Which set off a red flag all on its own. In Los Angeles, the three branches of the supernatural share power more or less equally, and I’m considered a partner, which means that in theory I’m on the same level as them. But for the really important, life-threatening stuff, we all look to Dashiell. I can’t help but think of him as my boss, and as a cardinal vampire, he’s used to getting what he wants, the moment he wants it. Which meant that Dashiell being accommodating might be an actual sign of the apocalypse.
Or a sign that I was about to get myself in serious trouble.
As previously arranged, Marko just texted me a brief Thanks, Scarlett! when he and his wife . . . no longer needed my services. My feet had fallen asleep thanks to the hundred-eighty-pound bargest on top of them, so I shook them out, packed up my stuff, and took off for Pasadena.

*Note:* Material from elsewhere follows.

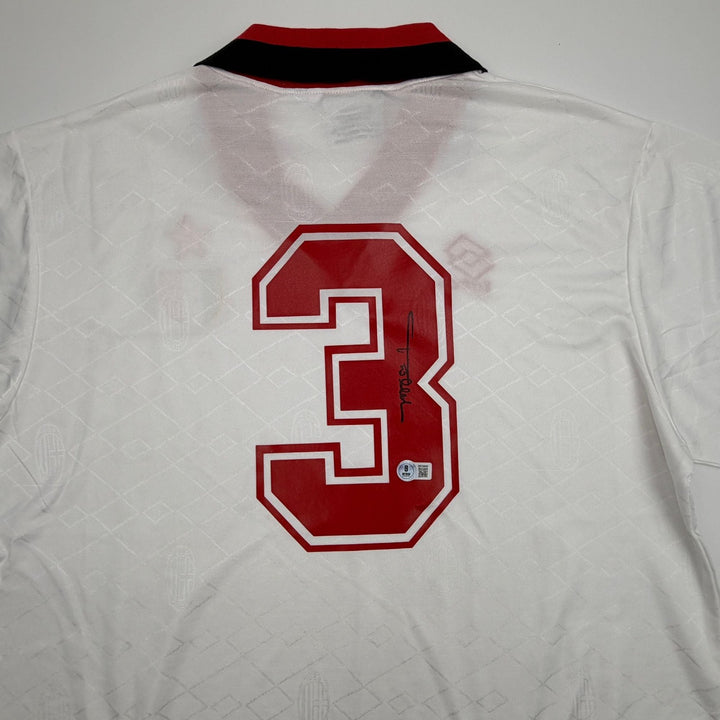Autographed/Signed Paolo Maldini AC Milan White Jersey Beckett BAS COA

When I finally arrived at the enormous Pasadena mansion that Dashiell shared with his wife, Beatrice, Shadow trotted off into . . . well, the shadows. It’s not just a clever name. Dashiell’s place was secure and spacious, not to mention completely fenced in, so it was one of the few places where the bargest could comfortably wander around, taking in smells and organizing a contained squirrel genocide. Which worked out well for everyone, since Beatrice didn’t really like having Shadow around. This may or may not have had something to do with me encouraging her to poop on the fancy Spanish tiles in the driveway.
After Shadow left to go exploring, one of the ubiquitous vampire lackeys ushered me straight into Dashiell’s office. Beatrice had decorated the rest of the house in a Spanish Revival style—or that was what they told me; I knew as much about interior design as I did about life in zero gravity—but this one room was a weird combination of Victorian-era furnishings and expensive technology. It was all very Dashiell.
He was sitting behind an enormous carved-oak desk, and when I came into the room he simultaneously stood up and winced. Like most vampires, Dashiell doesn’t like being in my radius, which makes him human again. Humanity comes with weakness and vulnerability, not to mention petty human problems like hunger and bladder control. Sometimes it really throws vampires to have that thrust on them again, but Dashiell had spent enough time around me to adjust fairly quickly. Before I could say more than “hello,” he was pointing me to the leather visitor’s chair across the desk.
“How much do you know about the Las Vegas entertainment world?” he asked abruptly. I’ll say this for Dashiell: the man doesn’t dick around with small talk. “Specifically the big casino shows?”
I blinked hard for a moment, not even trying to keep the surprise off my face. I had not anticipated a Cirque du Soleil quiz. “Um, as little as possible?” I said honestly. “I saw a Cirque show like six years back, but I’m not a fan of Vegas.” Understatement.